What the research is:
The Ribbon filter is a new data structure that is more space-efficient than the popular Bloom filters that are widely used for optimizing data retrieval. One of the ways that Bloom, and now Ribbon, filters solve real engineering problems is by providing smooth configurability unmatched by other filters. Bloom filters work by overapproximating a set of keys associated with some data resource. With a Bloom filter, almost all negative queries to that resource can be skipped (filtered) because the Bloom filter rejects almost all query keys not associated with the resource.
With proper data layout and design, the Ribbon filter is the first Bloom alternative to match the near-continuous, hazard-free, accuracy-versus-space trade-off provided by Bloom filters.
Here, near-continuous means efficiently utilizing any amount of memory to represent any number of keys, so that wasted memory such as in internal fragmentation can be minimized to zero. The typical hazard to the accuracy-versus-space trade-off is bit alignment, where some data sizes (e.g., 4, 8, or 16 bits per key) are faster to access than others. Like Bloom, our data layout for Ribbon does not suffer this hazard in access times so it is more freely configurable. And Ribbon filters add new freedom of configurability to the space-versus-time trade-off.
Building on some prior lines of research, the Ribbon filter combines a simplified, faster, and more flexible construction algorithm; a data layout optimized for filter queries; and near-continuous configurability to make a practical alternative to static (immutable) Bloom filters.
While well-engineered Bloom filters are extremely fast, they use roughly 50 percent more space (overhead) than the information-theoretic lower bound for filters on arbitrary keys. When Bloom filters cannot meet an application’s space efficiency targets, Ribbon filter variants dominate in space-versus-time trade-offs with near continuous configurability and space overhead as low as 1 percent or less. Ribbon filters have O(1) query times and save roughly 1/3 of memory compared with Bloom filters.
How it works:
Like some related immutable structures used for perfect hashing and maps, Ribbon filters are constructed by solving a linear system given by hash functions applied to a set of keys. Each row in the linear system expresses that querying as some key, which involves XOR-ing the values at some set of array indices, must yield a prescribed value to indicate it is “in” the set of keys.

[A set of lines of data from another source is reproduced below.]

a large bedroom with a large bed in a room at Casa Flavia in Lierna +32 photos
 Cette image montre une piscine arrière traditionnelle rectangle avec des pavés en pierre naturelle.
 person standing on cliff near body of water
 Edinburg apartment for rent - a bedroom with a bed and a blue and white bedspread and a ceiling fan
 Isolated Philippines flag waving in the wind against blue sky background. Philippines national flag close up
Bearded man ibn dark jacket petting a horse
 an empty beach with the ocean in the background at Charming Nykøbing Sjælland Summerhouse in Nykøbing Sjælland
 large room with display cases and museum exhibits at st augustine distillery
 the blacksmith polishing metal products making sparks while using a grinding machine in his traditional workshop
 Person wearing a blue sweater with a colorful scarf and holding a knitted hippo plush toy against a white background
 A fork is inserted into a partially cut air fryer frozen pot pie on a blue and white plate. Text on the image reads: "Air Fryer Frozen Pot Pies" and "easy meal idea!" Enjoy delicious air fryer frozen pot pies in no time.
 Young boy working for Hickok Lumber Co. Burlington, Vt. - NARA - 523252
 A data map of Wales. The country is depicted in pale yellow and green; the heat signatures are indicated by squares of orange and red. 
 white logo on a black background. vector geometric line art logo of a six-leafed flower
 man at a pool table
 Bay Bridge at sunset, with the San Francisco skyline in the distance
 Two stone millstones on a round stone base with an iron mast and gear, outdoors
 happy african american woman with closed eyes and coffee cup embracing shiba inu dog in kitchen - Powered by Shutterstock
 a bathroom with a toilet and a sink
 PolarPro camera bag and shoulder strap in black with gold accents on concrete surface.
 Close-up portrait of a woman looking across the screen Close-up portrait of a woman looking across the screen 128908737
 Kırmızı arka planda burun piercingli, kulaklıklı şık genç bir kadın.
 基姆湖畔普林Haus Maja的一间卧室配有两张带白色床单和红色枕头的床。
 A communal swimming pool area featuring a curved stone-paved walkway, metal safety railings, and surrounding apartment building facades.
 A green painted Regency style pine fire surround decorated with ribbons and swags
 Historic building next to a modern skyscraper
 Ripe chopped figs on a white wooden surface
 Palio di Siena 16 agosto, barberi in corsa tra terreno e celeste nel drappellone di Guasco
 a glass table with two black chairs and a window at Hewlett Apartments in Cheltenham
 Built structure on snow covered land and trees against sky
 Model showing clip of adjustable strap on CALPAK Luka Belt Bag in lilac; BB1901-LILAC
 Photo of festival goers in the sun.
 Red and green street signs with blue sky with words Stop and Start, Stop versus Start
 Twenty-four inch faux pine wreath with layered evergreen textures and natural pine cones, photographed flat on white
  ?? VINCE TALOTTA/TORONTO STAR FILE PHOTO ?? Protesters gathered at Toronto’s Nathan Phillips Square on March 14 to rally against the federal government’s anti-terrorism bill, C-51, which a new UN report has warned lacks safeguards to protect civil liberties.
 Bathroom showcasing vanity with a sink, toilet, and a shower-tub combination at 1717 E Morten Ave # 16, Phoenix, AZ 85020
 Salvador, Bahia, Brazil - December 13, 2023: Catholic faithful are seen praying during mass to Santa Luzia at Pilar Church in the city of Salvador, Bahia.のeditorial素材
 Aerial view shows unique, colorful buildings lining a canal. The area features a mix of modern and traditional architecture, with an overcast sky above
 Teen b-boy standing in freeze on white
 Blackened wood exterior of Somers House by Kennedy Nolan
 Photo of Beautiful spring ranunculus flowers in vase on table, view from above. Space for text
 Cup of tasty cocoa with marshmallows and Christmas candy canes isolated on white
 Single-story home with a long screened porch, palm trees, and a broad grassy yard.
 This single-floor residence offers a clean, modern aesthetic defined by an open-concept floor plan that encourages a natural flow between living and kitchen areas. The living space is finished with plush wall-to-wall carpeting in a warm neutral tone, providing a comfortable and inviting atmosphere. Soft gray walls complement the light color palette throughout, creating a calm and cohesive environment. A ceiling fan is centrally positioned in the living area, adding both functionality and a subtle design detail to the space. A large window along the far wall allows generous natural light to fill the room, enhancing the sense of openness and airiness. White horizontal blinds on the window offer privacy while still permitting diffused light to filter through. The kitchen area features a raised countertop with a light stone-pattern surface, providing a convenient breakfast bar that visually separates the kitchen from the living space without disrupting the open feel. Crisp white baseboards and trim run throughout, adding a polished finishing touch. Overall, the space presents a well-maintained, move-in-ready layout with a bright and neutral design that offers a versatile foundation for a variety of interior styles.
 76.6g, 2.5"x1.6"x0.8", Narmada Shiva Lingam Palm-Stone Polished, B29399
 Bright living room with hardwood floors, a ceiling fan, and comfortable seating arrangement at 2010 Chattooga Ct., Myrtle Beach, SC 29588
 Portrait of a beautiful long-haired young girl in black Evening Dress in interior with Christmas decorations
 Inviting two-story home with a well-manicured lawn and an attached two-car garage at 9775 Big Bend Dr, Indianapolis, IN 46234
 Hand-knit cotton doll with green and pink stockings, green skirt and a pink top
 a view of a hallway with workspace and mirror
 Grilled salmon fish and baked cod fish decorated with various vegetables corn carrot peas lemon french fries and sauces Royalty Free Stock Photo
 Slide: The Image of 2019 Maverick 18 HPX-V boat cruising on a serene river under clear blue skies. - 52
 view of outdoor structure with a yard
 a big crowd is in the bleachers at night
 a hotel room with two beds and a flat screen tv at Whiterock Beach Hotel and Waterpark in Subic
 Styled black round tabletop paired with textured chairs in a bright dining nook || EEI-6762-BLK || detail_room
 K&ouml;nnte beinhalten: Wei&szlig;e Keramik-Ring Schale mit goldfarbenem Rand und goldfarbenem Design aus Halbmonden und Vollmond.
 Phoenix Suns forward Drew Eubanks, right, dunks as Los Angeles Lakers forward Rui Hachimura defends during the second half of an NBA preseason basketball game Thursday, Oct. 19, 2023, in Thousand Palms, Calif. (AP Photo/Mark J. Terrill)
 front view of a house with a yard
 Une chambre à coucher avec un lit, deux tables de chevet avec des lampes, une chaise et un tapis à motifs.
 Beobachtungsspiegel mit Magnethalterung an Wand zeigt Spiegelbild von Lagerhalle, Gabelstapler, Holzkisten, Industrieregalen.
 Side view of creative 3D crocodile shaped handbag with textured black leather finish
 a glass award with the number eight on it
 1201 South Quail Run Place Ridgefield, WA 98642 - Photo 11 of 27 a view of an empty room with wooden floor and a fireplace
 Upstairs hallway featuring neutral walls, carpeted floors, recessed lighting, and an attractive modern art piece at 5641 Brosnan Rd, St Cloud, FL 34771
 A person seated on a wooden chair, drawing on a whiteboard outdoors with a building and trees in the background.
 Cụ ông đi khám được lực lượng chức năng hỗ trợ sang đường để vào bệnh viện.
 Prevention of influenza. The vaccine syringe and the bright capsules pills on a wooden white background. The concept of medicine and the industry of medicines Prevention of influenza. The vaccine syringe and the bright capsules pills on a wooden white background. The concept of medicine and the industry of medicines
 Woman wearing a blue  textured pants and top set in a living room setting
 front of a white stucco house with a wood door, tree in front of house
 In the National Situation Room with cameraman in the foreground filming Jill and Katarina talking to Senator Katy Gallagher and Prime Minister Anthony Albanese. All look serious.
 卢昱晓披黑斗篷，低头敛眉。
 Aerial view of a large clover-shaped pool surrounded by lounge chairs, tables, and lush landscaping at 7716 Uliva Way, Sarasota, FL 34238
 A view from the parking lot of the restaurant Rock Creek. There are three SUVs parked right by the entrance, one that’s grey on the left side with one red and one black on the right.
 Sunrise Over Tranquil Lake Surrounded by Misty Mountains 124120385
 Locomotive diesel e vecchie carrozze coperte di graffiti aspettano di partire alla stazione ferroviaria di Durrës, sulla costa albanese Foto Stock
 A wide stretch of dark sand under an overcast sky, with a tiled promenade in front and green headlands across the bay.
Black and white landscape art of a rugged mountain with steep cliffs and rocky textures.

Despite using Boolean — GF(2) — arithmetic, the approach to solving this logical system of equations is to use Gaussian elimination, which fundamentally means subtracting equations from one another until you can isolate variables (unknowns). If a solution exists, this approach will find it.
The name Ribbon has dual meanings. First, we use a linear system from Dietzfelbinger and Walzer whose sorted coefficient matrix resembles a physical ribbon, or a wavy approximation of a band matrix. Gaussian elimination is fundamentally more efficient on this system because it is already close to a reduced form.
Ribbon also stands for Rapid Incremental Boolean Banding ON the fly, which is the name of our fast and flexible new Gaussian solver. Through an approach resembling insertion into a linear-probed hash table, Ribbon does Gaussian elimination on the fly. This saves time and space in construction because row reductions can be done in registers rather than in memory, and because the reduced form of the ribbon coefficient matrix — a band matrix — is more space-efficient than explicitly representing the ribbon form. On-the-fly construction also unlocks a solution to the core challenge of the Ribbon approach: scaling its space efficiency to very large numbers of keys.
Why it matters:
At Facebook’s scale, we expect Ribbon filters to save several percent of RAM resources, with a tiny increase in CPU usage for some major storage systems. However, we do not implement efficiency gains at all engineering costs, so it’s also important to have a user-friendly data structure. This issue stalled implementation of other Bloom alternatives offering some space savings.
The Ribbon filter opens these new trade-offs without introducing notable discontinuities or hazards in the configuration space. In other words, there is some complexity to make Ribbon filters general and highly configurable, but these details can be hidden behind a relatively simple API. You have essentially free choice over any three of the four core performance dimensions — number of keys added to the set, memory usage, CPU efficiency, and accuracy — and the accuracy is automatically well optimized.